But our work often does not fit this paradigm, because in the bioinformatics lab the requirements change quickly. The reason is obvious: most of what we produce in science are one-off solutions. Once one analysis runs, we publish the results, and we move on. There is limited value in doing an analysis over and over again. However, this does not mean we can't profit from applying the basic principles of good development principles. Fortunately that is easy. There actually is only one principle.
Make implicit knowledge explicit.
Everything else follows.
Contents
Collaborate
Making project goals explicit and making progress explicit are crucial, so that everyone knows what's going on and what their responsibilities are. Collaboration these days is distributed, and online. Here is a list of options you ought to have tried. :
- Schedule regular face-to-face meetings. If you can't be in the same room, Google hangout's may work (up to ten people). Old-time developers often use IRC chat rooms.
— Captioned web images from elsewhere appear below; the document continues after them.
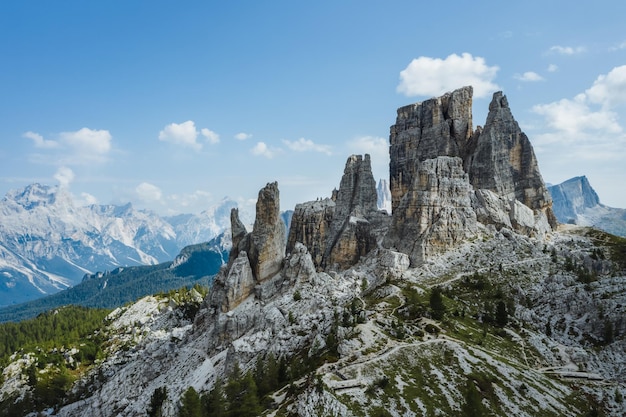 Veduta aerea delle Cinque Torri nelle Dolomiti in Italia Paesaggio epico in una giornata di sole d'estate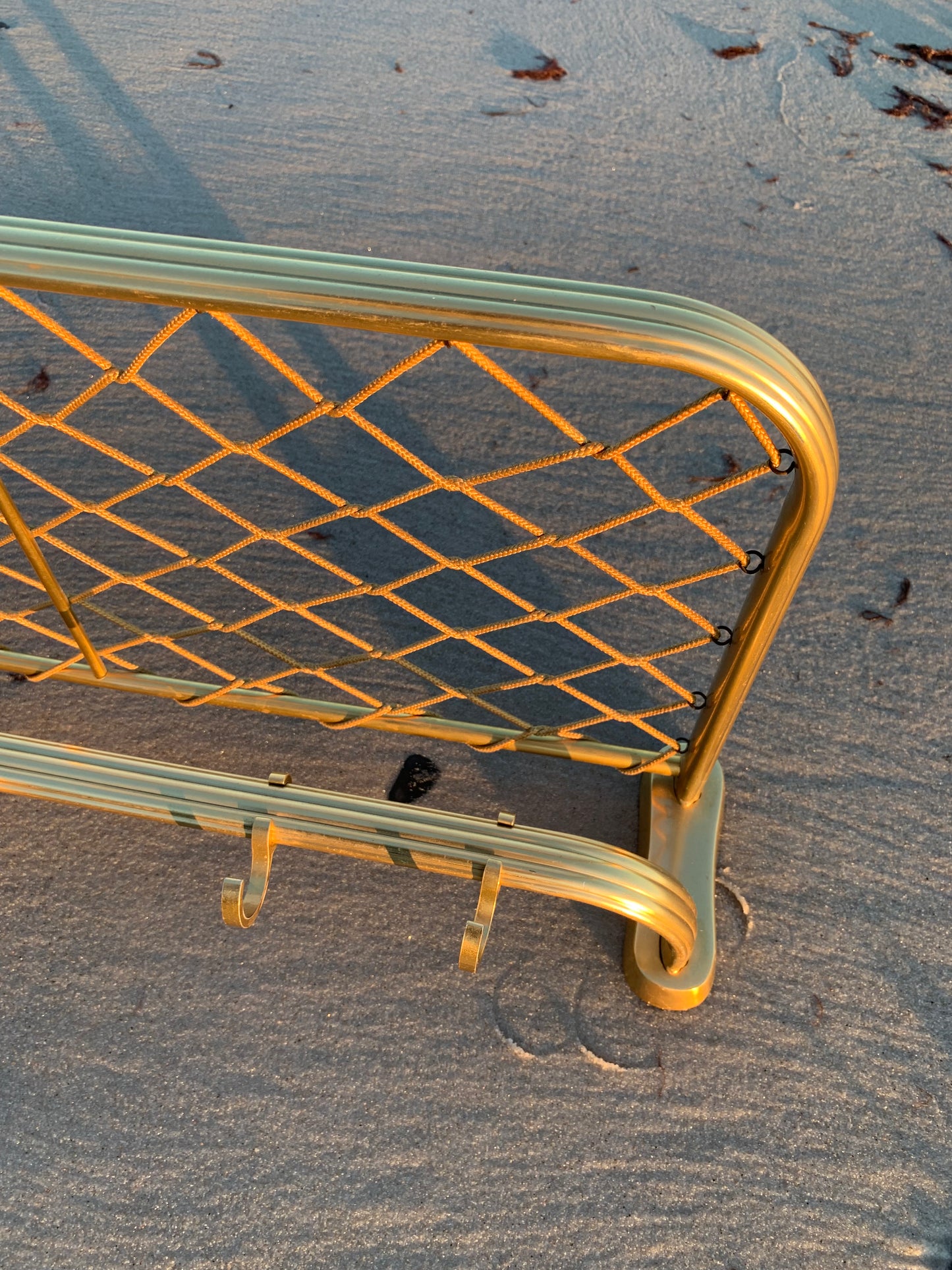 Hattehylde i messing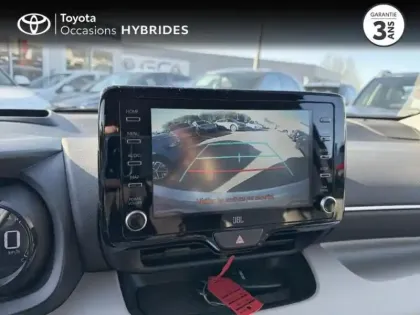 Photo 10 Toyota Yaris  116h Iconic 5p MY21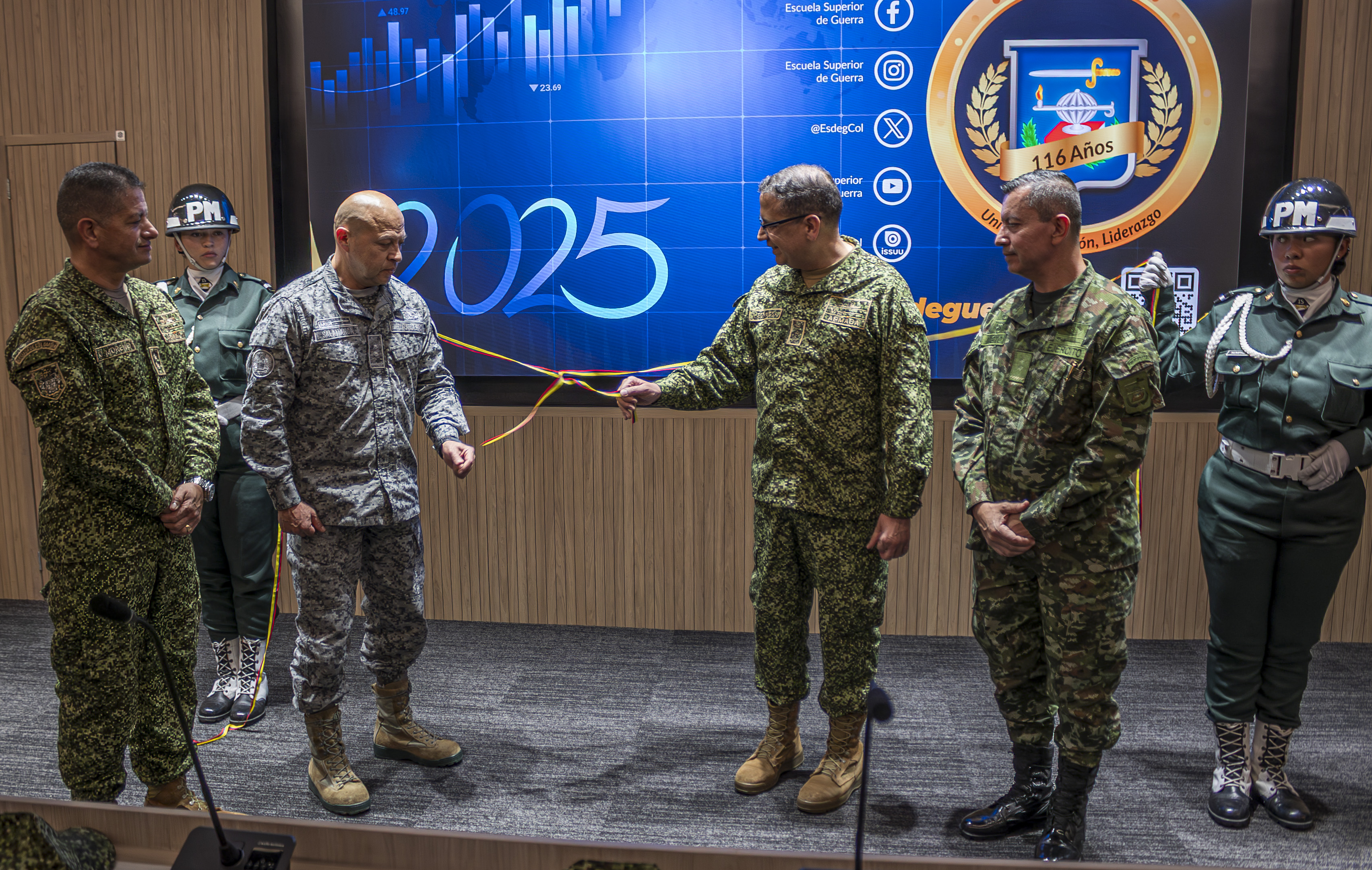 La ESDEG inaugura aula CAEM-CIDENAL, un espacio estratégico para la formación y el pensamiento institucional
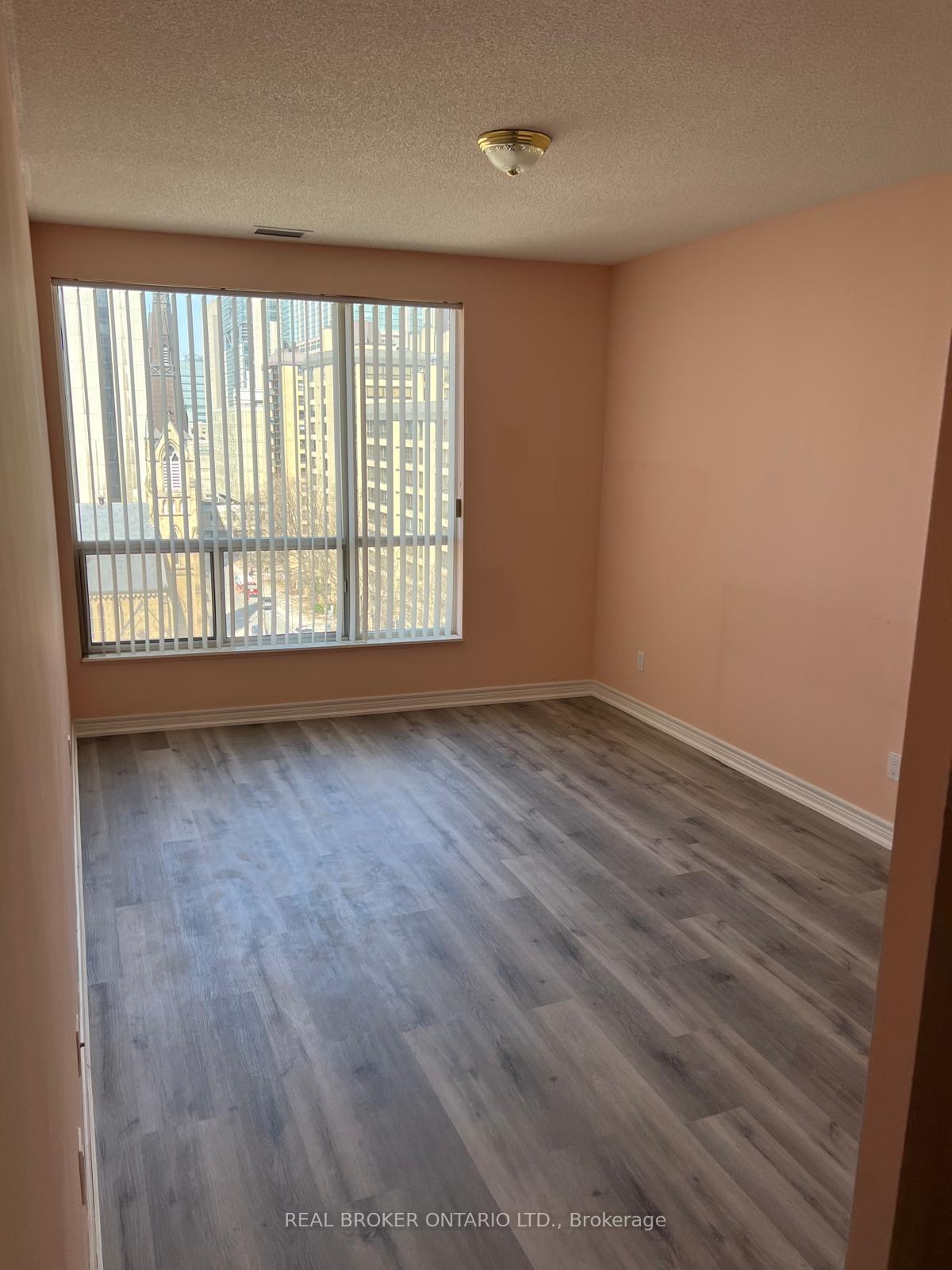 Photo 9 of Unit 1107, 152 St Patrick Street, Toronto, Kensington-Chinatown — HOMEH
- A wiki such as our Student Wiki is obviously a good way to structure, share and collaboratively edit information.
- Software sharing and code collaboration is best managed through a github repository. As a version control system, it is an essential part of all software development.
- Dynamic coauthoring capabilities are offered by Etherpad installations such as the one hosted by WikiMedia.
- You have probably collaborated with Google Drive text, spreadsheet or presentation documents before. These have superseded many other online offerings.
- A robust system for shared file storage is Dropbox.
- Trello appears to be a nice tool to distribute work-packages and keep up to date with discussions, especially if your "team" is distributed.
- I like Kanbanery as a structured To-Do list for my own time-management, but it can also be adapted to project workflows.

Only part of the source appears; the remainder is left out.